Eazel forms are the workhorse of college admissions on the CollegeNET platform. They handle thousands of application questions across hundreds of universities, with deeply conditional logic, branching workflows, and validation rules that take experienced developers days to assemble. The bottleneck wasn't form complexity — it was the gap between a customer's spec ("here's our 2025 application") and the structured form configuration that powered it.

The premise

I had a hypothesis worth testing on personal time: an LLM with the right context could draft most of a form configuration from natural language, and the editor's existing validation rules could catch what it got wrong. I built a prototype as a side project, demoed it to engineering leadership, and presented to the whole company. The response was strong enough to put it on the roadmap.

How it worked

What I learned

The reject button is the product. The interesting part of an AI-enabled workflow isn't the generation step — it's the loop that surrounds it. Rejection isn't an error state to suppress; it's the highest-signal feedback you can collect, and treating it as training data closes the loop cleanly.

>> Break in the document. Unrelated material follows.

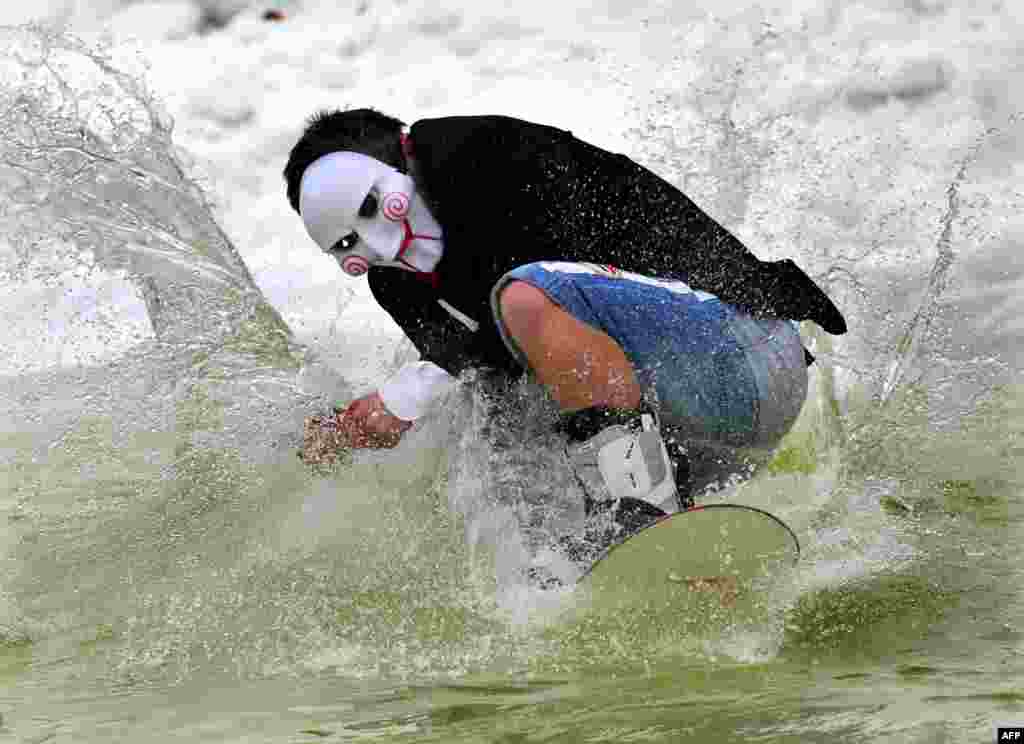 A snowboarder glides on the water during the &quot;Californication 6.0&quot; competition, marking the end of the winter season, in the Belarusian village of Silichi, some 45 kilometers outside of Minsk. (AFP/Viktor Drachev)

Latency budgets shape interaction design. Generating a whole form took 15+ seconds. Generating a diff took 2 — different products entirely. The UI you build for a 2-second wait is not the UI you build for a 15-second one, and the willingness to refactor the request shape mattered more than any prompt engineering I did.

Augment, don't replace. Form developers were initially worried the tool would obsolete their work. By the demo, the framing had landed: this lets them work on the interesting forms (genuinely novel applications, complex conditional logic) and lets the AI handle the repetitive scaffolding. The reject button gave them control over what shipped.

What's next

The feature didn't reach production before the team was laid off. The prototype, the architecture, and the rollout plan are intact, and the human-in-the-loop pattern carried over to a related project I built shortly after — a computer vision system for the Parking Reform Network that uses the same approve / reject / refine pattern to validate AI-generated parking lot detections from satellite imagery.